»»

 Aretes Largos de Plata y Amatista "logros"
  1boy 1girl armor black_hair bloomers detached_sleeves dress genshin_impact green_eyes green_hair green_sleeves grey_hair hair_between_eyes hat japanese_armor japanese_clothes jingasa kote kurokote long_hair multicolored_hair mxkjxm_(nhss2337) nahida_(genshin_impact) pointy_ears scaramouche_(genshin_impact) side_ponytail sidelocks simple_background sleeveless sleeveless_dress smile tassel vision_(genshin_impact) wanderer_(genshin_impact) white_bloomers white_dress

««
»»

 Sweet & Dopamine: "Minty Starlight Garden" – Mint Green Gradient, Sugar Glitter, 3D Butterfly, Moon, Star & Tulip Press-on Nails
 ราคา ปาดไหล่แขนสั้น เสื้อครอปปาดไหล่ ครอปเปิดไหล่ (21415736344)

««
»»

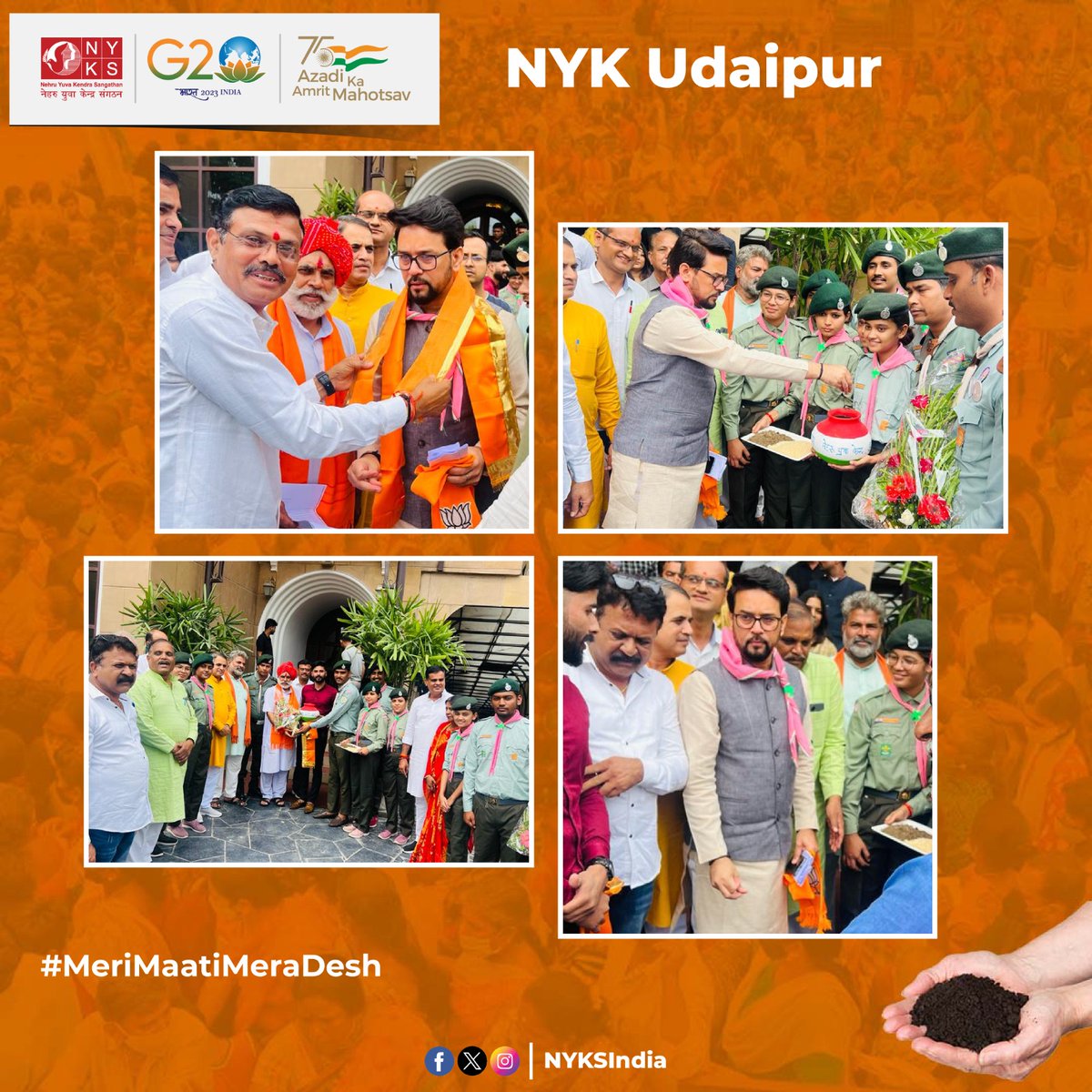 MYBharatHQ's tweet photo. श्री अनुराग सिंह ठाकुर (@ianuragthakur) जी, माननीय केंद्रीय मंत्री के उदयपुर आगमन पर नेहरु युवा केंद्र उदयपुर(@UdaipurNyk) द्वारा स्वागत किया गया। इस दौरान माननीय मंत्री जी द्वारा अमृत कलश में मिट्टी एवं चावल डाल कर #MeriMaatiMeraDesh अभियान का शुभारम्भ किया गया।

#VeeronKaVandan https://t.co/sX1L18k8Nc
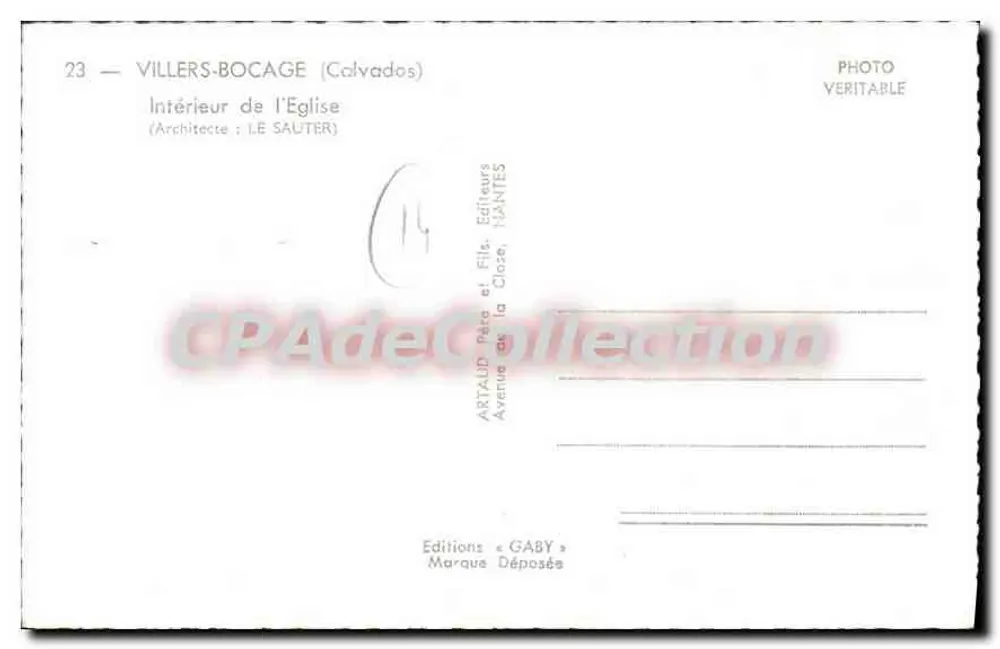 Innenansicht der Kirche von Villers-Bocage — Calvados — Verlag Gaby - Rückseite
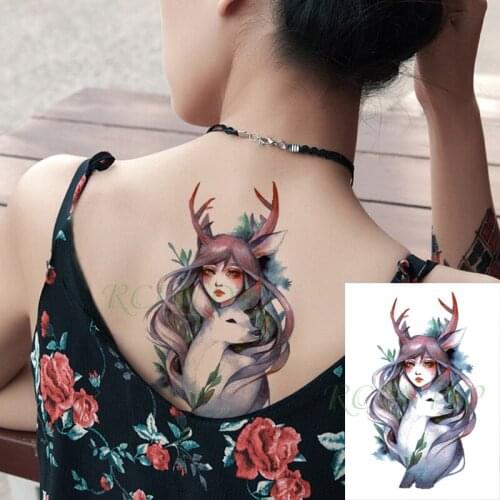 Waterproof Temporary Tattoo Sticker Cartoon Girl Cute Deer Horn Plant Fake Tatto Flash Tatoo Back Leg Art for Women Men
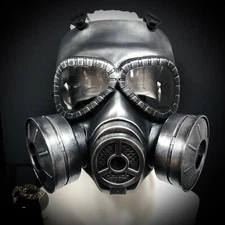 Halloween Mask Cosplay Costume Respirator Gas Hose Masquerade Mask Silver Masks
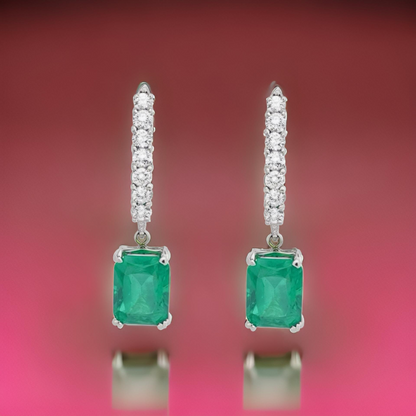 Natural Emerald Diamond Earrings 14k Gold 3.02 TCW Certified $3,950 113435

««

Within the listing above, give again exactly every line from the line with "Aretes Largos de" through the line with "1boy 1girl armor", both included, and no other line.

 Aretes Largos de Plata y Amatista "logros"
  1boy 1girl armor black_hair bloomers detached_sleeves dress genshin_impact green_eyes green_hair green_sleeves grey_hair hair_between_eyes hat japanese_armor japanese_clothes jingasa kote kurokote long_hair multicolored_hair mxkjxm_(nhss2337) nahida_(genshin_impact) pointy_ears scaramouche_(genshin_impact) side_ponytail sidelocks simple_background sleeveless sleeveless_dress smile tassel vision_(genshin_impact) wanderer_(genshin_impact) white_bloomers white_dress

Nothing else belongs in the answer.